成長しきって長い手足は動かし慣れないと持て余してばかり。
ウトガルズの城へ連れて来られてしばらくは、何も無い場所で躓くようなことがよくあった。
その度にリーヴかビューレイストに抱き留められて、幸い派手に転んだことはないけれど。
「大丈夫ですか? 寵姫」
「うん…」
廊下の途中。突然膝から力が抜けて、支えられる間もなく座り込んでしまった私をビューレイストは気遣わしげに見つめてくる。目線の高さが同じになるよう膝を折り。
「今日は歩き過ぎましたね」
いつもならすぐに差し出してくれるはずの手は、何故か下ろされたまま。
「ビューレイスト?」
不思議に思って声をかけると、にこやかな笑みを一つ。私をおいて膝を上げた。
「いつまでそうしているつもりだ?」
一緒にはいなかったリーヴの声がすぐ後ろから聞こえて、振り返る間もなく抱き上げられる。
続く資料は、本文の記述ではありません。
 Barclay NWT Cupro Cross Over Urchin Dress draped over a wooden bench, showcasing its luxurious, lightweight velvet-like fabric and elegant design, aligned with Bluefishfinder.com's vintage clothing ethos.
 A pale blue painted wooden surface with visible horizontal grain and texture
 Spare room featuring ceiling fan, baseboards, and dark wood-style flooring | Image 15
ビューレイストの姿は私の目の前であっさり掻き消えた。
「ビューレイストが立たせてくれなかった」
理由はもう分かっている。リーヴが来ると気付いていて、その必要がないと分かっていたからだ。
ビューレイストとリーヴは繋がっている。
「足は?」
「平気よ」
少し高め。膝を抱え太腿で支えるように抱き上げられてリーヴを見下ろす。
「そうか」
真紅の瞳はゆっくりと一度瞬いてから前を向いた。
歩き出しても体が大きく揺れるようなことはない。それでもリーヴの頭を抱え込むよう体を倒すと、いいように抱き直される。
「どこ行ってたの」
「南」
「もうちょっと具体的に」
「イアールンヴィズの森」
この上なくべったりと体を預けて脱力。
「スリュムヘイムとの境にある?」
「あぁ」
「狼が沢山いるんでしょ」
連れて行ってくれればよかったのに、とは思わない。身を守るための魔力は充分すぎるほど持っているけど。まだリーヴの城を出たいとは思わなかった。
「狼の姿をした巨人とスリュムヘイムのスィアチは仲が悪いって、ビューレイストが」
「らしいな」
もうしばらくは城の中、たまに出かけていくリーヴの帰りを待ちわびていたい。
「明日も出かけるの?」
「あぁ」
「じゃあ、早く帰ってきてね」
連れ立って歩くには心の準備がまだ足りなかった。